Source material >>
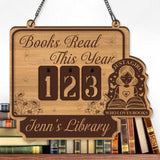 Books Read This Year Tracker - '“Just a Girl Who Loves Books'� Quote, Book Tracker, Bookshelf Decor, Book End, Reader Gift, Book Lover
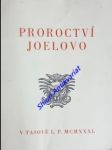 Proroctví joelovo - deml jakub - náhled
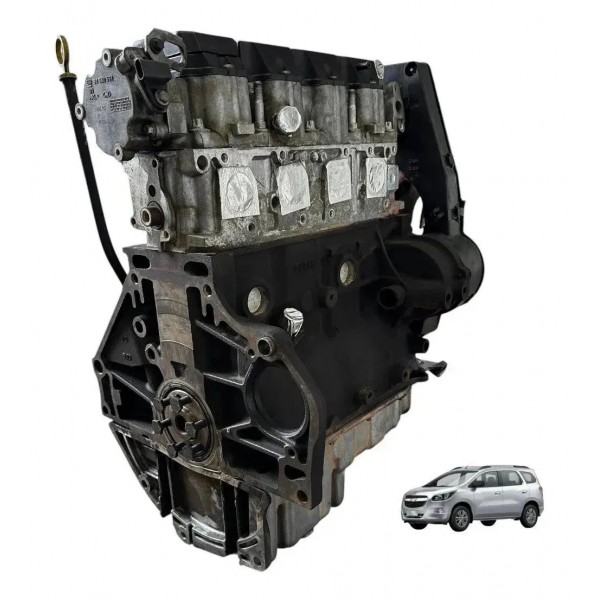 Motor Parcial Gm Spin 1.8 8v Flex 2012 2013 2014 2015 2016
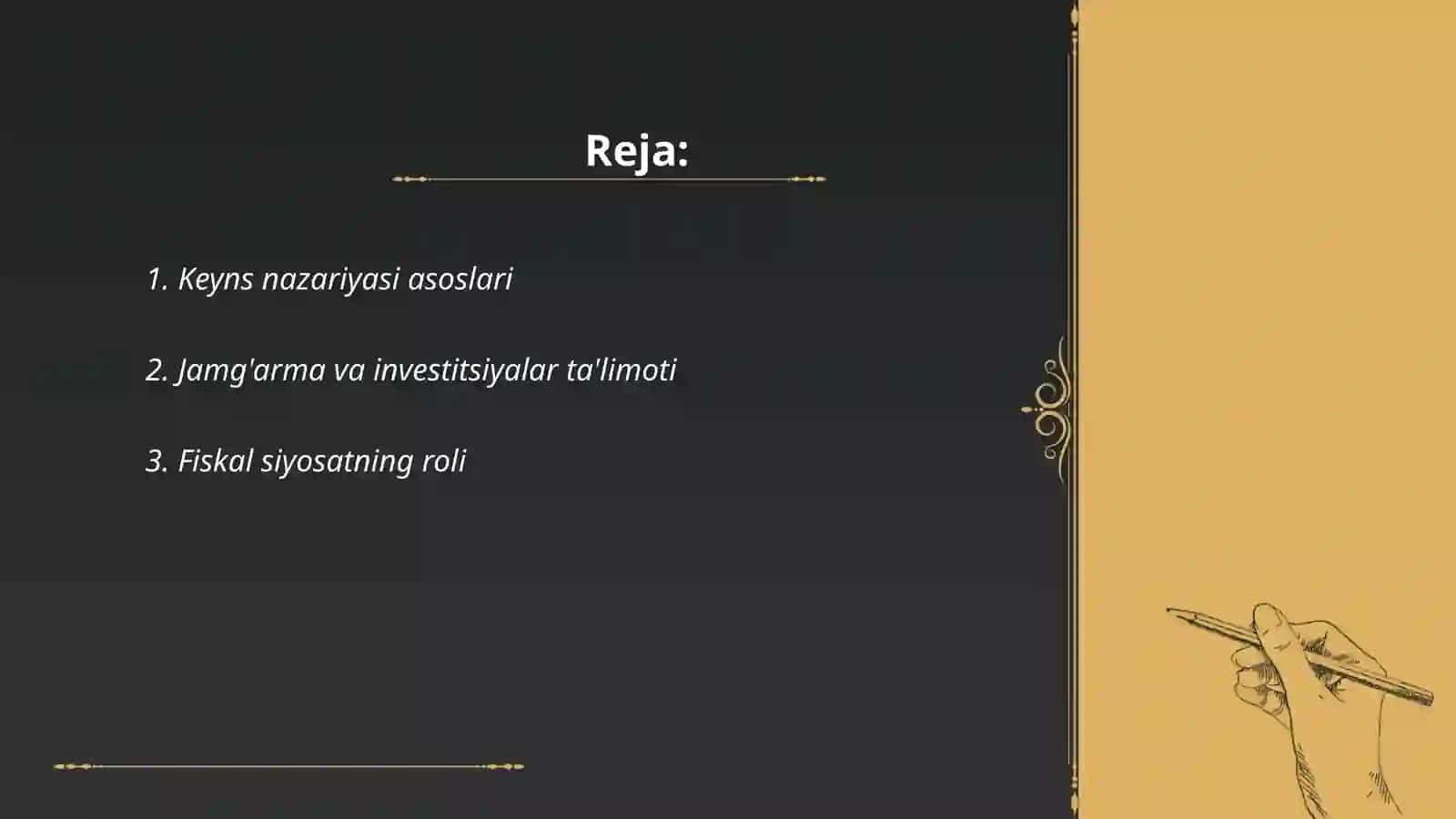 Jon Meynard keys ta'limoti va keyschilik 2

Work item >> Set down the full listing above with its wording unchanged. Leave out its images.

Answer to this exercise >>
 Books Read This Year Tracker - '“Just a Girl Who Loves Books'� Quote, Book Tracker, Bookshelf Decor, Book End, Reader Gift, Book Lover
 Proroctví joelovo - deml jakub - náhled
 Motor Parcial Gm Spin 1.8 8v Flex 2012 2013 2014 2015 2016
 Jon Meynard keys ta'limoti va keyschilik 2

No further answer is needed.